I grin as I recall one of the people we’d run into this morning. My nascent plan seems as unlikely to pan out as everything else we’ve done today. Still, it might at least offer some fun.

“Ooo, I know that look,” Quinn exclaims, matching my grin with one of her own. “Tell me what you’re thinking.”

I flick my eyes from her eager expression to Percy’s far more wary one. “So, have either of you ever been on a ghost tour?”

I was right. In the end, the haunted tour I suggested turned up absolutely nothing of significance.

When logic and science fail, that leaves the mysterious and arcane.

But if vengeful witches or dissatisfied spirits had caused our repeated day, they don’t seem eager to make their presence known.

I do, however, learn way more than I ever wanted about Mackinac Island’s sordid history.

I’m sure Oshkoff would’ve loved it.

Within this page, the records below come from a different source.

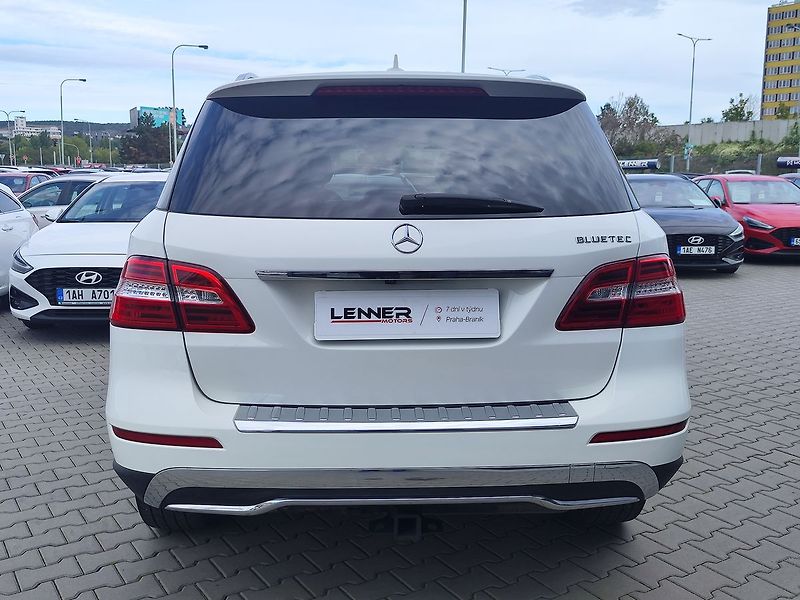 Mercedes-Benz Třídy M 250 CDI/150kW 4Matic AT - fotka 6 z 34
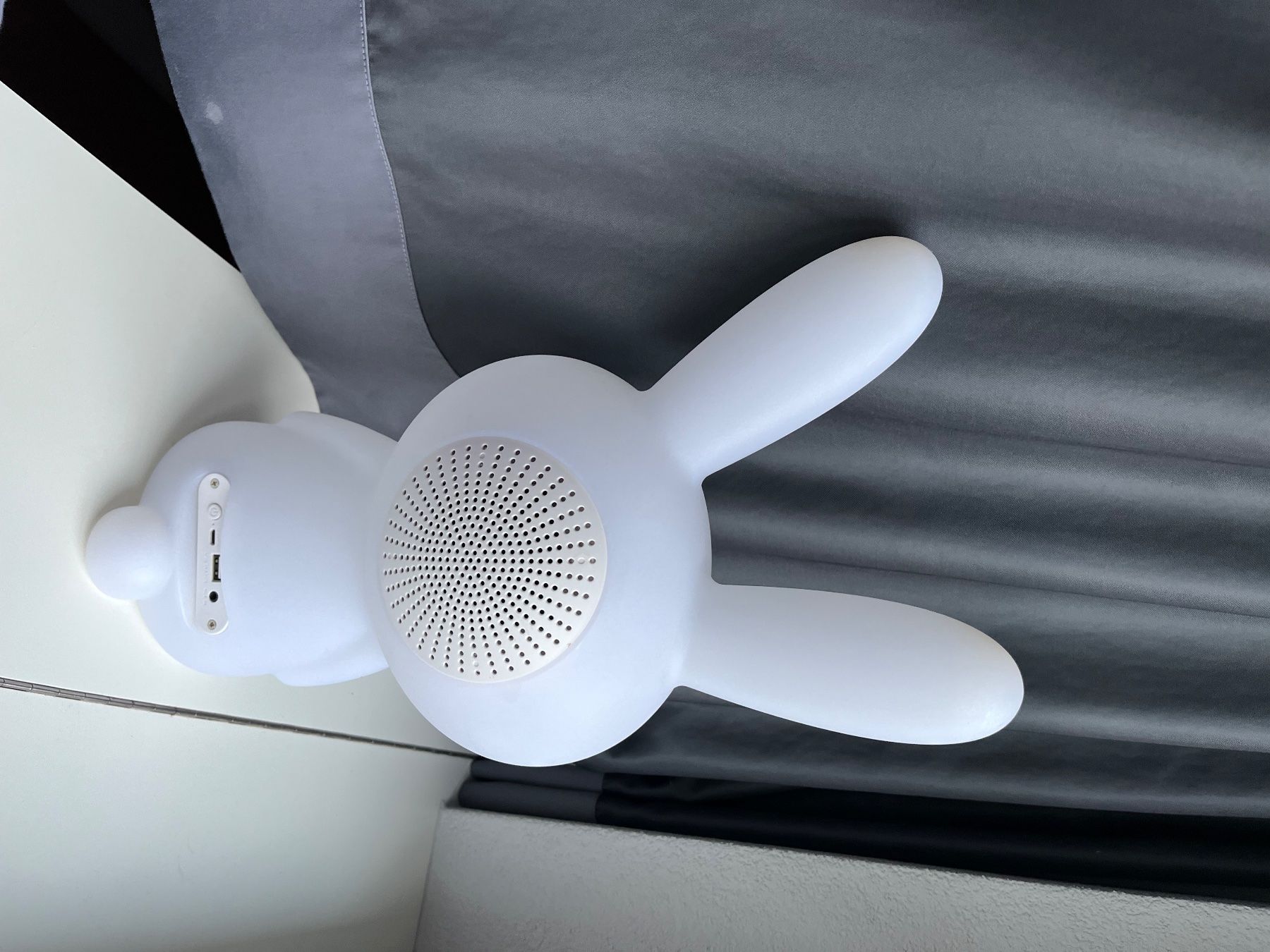 Lampade: LED Nachtlichthase + Lautsprecher – Usato da Baden venduto da Navin1 1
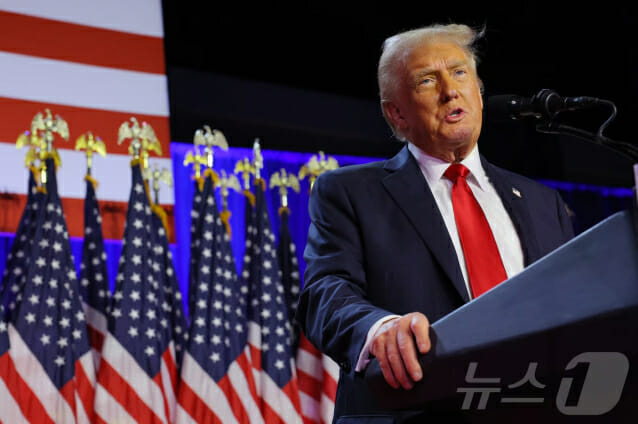 6일(현지시간) 대통령 당선이 유력한 공화당 대선후보 도널드 트럼프 전 대통령이 플로리다주 웨스트팜비치의 팜비치카운티 컨벤션센터에 모인 지지자들 앞에서 연설을 하고 있다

Quinn, for her part, eats it up, oohing and ahhing in all the right places.

Despite my best efforts, I spend more of the tour watching Percy than whatever our overly enthusiastic guide—a high school guy hamming it up for our benefit—chooses to point out.

Of the three of us, Percy seems most affected by the whole haunted thing.

Our tour guide’s in the middle of describing a particularly horrific homicide when I notice Percy trembling, his eyes wide as he glances nervously up and down the street.

“Still not a fan of scary stories?” I ask, sidling up beside him.

He jerks in surprise, looking a heartbeat away from bolting down the street.

When he registers me, he tries to turn the sudden motion into a stretch.

I raise an amused eyebrow, and he scowls, abandoning the effort.

“What’s the point of purposefully freaking yourself out?

Life’s full of enough actual things to fear without piling on more. ”

I think of the half-formed story I’d started the other night about the island serial killer. “It’s not about being scared. I mean, sure, there’s the adrenaline rush and the thrill of suspense. But that’s not why I like horror.”

He turns to face me more fully. “Oh, yeah?” His pale blue eyes draw me into their icy depths. The rest of the tour group and our guide’s continued spiel fade into the background. “Then, what is?”’

I swallow as a faint shiver races down my back that has nothing to do with the October chill.

“Control. In a story, you can work through the shit that terrifies you because, no matter how unsettling it gets, you know deep down it isn’t real.

It can’t hurt you. And that makes you the master of your fear so you can conquer it before it conquers you. ”

Judging by the intent way Percy studies me, my words must’ve struck a chord.

A gust of wind billows past us, and he hugs his jacket tighter around him.

That’s when I realize how close we’re standing.

It would be so easy to reach out and drag him even closer—to wrap him in my arms and offer both warmth and comfort.

Of course, it would also be a terrible mistake, no matter what my misguided libido thinks it wants.

Muttering a half-assed excuse, I retreat from Percy and return to Quinn’s side. I ignore the look she gives me, a too-discerning gleam in her eye. Whatever. Let her speculate all she wants—if my hunch is right, she won’t remember any of this tomorrow anyway.